◆ **WHAT YOU SHOULD DO**: Word for word, transcribe the data below from the line with "Dinas Tanaman Pangan" to the line with "Gartenmöbel-Set auf einer", keeping both of those lines.

◆ **DATA TO EXAMINE**:
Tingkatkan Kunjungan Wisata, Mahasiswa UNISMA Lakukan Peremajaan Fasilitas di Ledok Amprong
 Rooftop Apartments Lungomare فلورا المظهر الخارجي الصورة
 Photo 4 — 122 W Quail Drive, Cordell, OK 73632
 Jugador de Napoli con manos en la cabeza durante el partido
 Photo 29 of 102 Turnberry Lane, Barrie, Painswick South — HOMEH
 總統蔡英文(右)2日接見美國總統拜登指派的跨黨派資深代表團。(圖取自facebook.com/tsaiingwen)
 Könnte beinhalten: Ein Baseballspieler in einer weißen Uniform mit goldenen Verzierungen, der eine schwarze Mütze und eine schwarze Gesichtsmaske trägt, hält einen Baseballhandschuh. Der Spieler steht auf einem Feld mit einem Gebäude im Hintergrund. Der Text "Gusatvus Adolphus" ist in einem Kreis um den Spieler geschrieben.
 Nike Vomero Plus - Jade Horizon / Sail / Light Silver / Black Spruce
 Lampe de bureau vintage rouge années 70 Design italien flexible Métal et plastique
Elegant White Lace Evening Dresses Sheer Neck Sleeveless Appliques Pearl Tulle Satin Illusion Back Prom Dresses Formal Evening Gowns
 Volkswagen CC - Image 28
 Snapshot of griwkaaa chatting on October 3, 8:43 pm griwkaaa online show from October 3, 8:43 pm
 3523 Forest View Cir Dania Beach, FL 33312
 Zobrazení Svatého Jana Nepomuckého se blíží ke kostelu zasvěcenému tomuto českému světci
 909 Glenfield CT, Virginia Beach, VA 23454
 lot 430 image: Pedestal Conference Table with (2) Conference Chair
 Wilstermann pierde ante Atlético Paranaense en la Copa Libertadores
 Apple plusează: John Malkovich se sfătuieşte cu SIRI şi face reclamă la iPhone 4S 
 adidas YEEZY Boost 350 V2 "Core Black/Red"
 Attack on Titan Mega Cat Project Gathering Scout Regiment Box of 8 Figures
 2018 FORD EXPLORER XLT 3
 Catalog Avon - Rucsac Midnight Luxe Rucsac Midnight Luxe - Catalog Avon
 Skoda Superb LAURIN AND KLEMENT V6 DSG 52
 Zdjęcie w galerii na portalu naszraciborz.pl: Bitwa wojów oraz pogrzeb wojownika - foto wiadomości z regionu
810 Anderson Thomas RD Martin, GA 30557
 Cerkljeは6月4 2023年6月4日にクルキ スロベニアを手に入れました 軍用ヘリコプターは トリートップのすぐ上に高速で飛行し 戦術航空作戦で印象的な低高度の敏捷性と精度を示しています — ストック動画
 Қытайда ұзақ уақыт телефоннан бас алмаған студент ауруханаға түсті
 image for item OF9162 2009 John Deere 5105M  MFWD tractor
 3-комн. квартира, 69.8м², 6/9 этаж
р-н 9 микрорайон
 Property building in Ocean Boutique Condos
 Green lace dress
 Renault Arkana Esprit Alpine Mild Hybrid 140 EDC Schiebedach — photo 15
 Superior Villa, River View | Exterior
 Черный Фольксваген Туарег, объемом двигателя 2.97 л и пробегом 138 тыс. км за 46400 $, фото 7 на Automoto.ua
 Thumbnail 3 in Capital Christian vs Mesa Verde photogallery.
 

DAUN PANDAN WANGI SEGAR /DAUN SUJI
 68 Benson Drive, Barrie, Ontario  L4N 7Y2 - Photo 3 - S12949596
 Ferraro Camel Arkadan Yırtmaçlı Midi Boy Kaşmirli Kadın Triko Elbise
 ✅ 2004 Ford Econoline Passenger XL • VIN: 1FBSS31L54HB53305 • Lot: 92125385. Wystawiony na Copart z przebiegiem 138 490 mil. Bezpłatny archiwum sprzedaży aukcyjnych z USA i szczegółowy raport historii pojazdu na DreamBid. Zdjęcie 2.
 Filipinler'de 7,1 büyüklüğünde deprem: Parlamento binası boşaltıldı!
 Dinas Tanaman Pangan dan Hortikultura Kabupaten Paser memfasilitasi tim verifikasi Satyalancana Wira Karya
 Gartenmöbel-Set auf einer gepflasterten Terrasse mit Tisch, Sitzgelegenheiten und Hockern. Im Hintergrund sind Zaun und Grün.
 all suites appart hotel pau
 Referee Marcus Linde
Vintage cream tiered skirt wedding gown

◆ **REPLY**:
 Dinas Tanaman Pangan dan Hortikultura Kabupaten Paser memfasilitasi tim verifikasi Satyalancana Wira Karya
 Gartenmöbel-Set auf einer gepflasterten Terrasse mit Tisch, Sitzgelegenheiten und Hockern. Im Hintergrund sind Zaun und Grün.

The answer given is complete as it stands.